• **Exercise directions**
With pictures left out, only the lines from the one containing "this 299×470 image." through the end of the records should be reproduced exactly, please.

(Records excerpted from a collection)
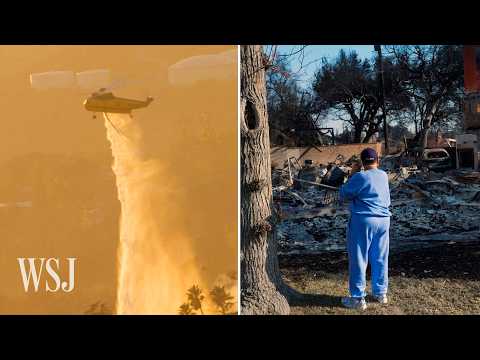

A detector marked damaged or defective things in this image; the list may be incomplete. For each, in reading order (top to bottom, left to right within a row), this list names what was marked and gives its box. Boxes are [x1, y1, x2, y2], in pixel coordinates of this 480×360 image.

burned house rubble [272, 156, 480, 255]
burned car [418, 149, 452, 172]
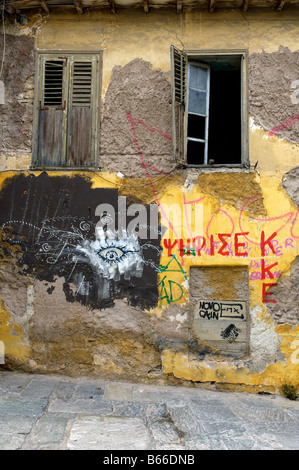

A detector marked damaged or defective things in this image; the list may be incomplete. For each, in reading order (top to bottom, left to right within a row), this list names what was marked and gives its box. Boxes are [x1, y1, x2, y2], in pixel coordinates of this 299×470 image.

open broken window [32, 51, 101, 168]
open broken window [171, 46, 248, 167]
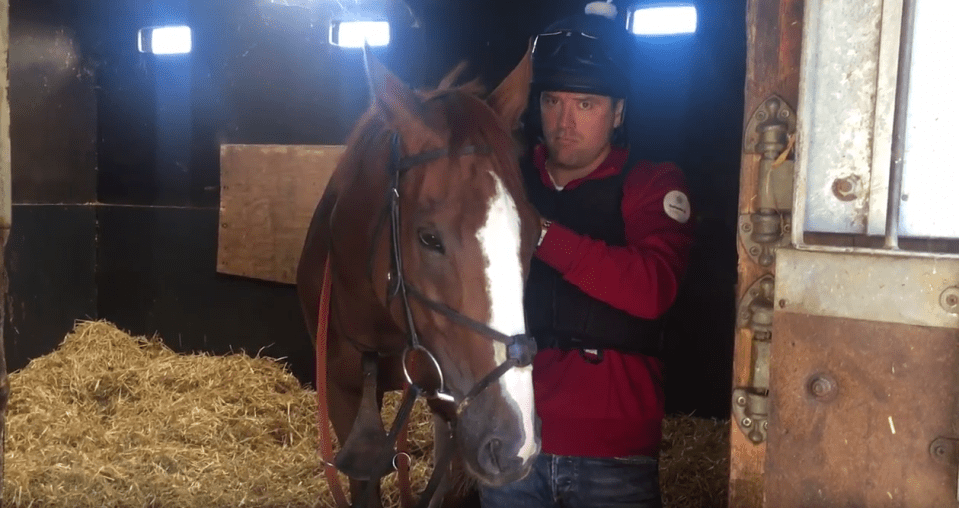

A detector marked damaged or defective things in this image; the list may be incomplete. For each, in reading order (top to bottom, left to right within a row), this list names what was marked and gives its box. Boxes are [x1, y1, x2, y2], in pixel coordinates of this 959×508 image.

• **Reply**
A detector marked damaged or defective things in this image; the list may be incomplete. For each, in reading order (top to bottom, left to right within a row), this list names what was marked and gives its box. Boxes are [x1, y1, x2, y2], in pixel coordinates of this 299×470 image.

open broken window [32, 51, 101, 168]
open broken window [171, 46, 248, 167]

A detector marked damaged or defective things in this image; the list may be incomplete. For each, in reading order (top to bottom, left to right within a row), this list names what was marked and gives its box. Boxes are [x1, y1, x2, y2], in pixel coordinates of this 959×508 image.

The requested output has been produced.